To find the wire to test, I’m going to test 4 different types of wire in another experiment and use the one with the highest resistance.

The Theory behind the Experiment

Theoretically the length of a wire should affect its resistance.

        Electricity encounters a certain amount of obstruction when passing through a wire depending on its length, width, temperature and type of metal, this obstruction is called the resistance and is measured in ohms.

        The longer and thinner the wire the harder it is for the electrons to flow through, because there are less spaces for it to flow through and more obstructions along the length. It has a similar principal to the flow of water and how it is impeded when passing through a long and narrow pipe. Therefore the longer the wire is the more resistance there should be.

        The other factor that can affect the resistance is the metal type, for example the resistance of an Iron wire is about seven times greater than that of a copper wire with the same dimensions, and this is because of the varied amount of ions in the different metal, more ions in Iron mean that electrons find it harder to pass through. This is the reason why copper is used in electrical wire; because it gives little resistance less energy is used to make it flow. I need to test 4 different wires in the first experiment; to find the type of wire with most resistance. It is important that for both experiments I let the wire cool down for a few seconds after taking the reading, as temperature can affect the resistance. This is because the molecules in the wire when heated vibrate more and the electrons find it harder to pass through, thus the resistance will increase.

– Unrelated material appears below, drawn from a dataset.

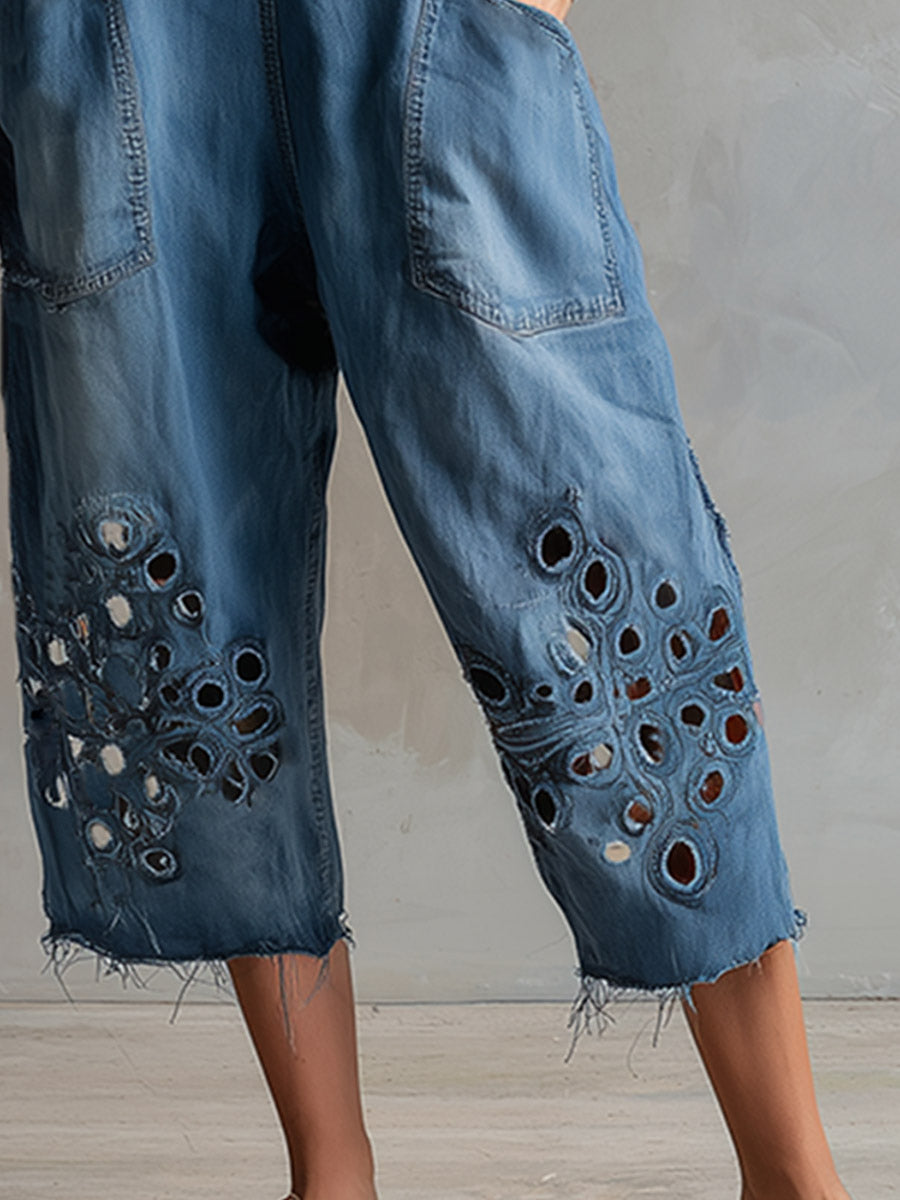 Retro-Casual Cutout Design Blue Denim Jumpsuit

        When connecting the circuits for both experiments I need to make sure the voltmeter is in parallel with the wire and the ammeter is in series. This is shown in a diagram of apparatus later on.

        George Simon Ohm (1789-1854) was one of the first people to investigate current and voltage and came up with the following law for metallic conductors.

        The current through a conductor is proportional to the potential difference between its ends, provided that physical conditions, such as temperature, remain constant: i.e.

                V/I = constant (resistance).

Where v = voltage and I = current.

        This means regardless of the size of the current, as long as there is no temperature change the resistance of a wire remains constant. The law is based on experiment (empirical) and holds remarkable accuracy for metallic conductors which are what I’m going to use in my experiment.

        It is important to note that the circuits I will be using for my experiments are in series because in parallel and series circuits the methods for calculating the total resistance for more than one component are different. In series the resistance across the components are added together: R = R1+R2. Whereas in Parallel the current divides, the larger part going through the smaller resistance and the smaller part through the larger resistance: 1/R=1/R1 + 1/R2. So the resistance is smaller because it is like a single wire with a large cross section and therefore more spaces in the atoms for the electrons to pass through.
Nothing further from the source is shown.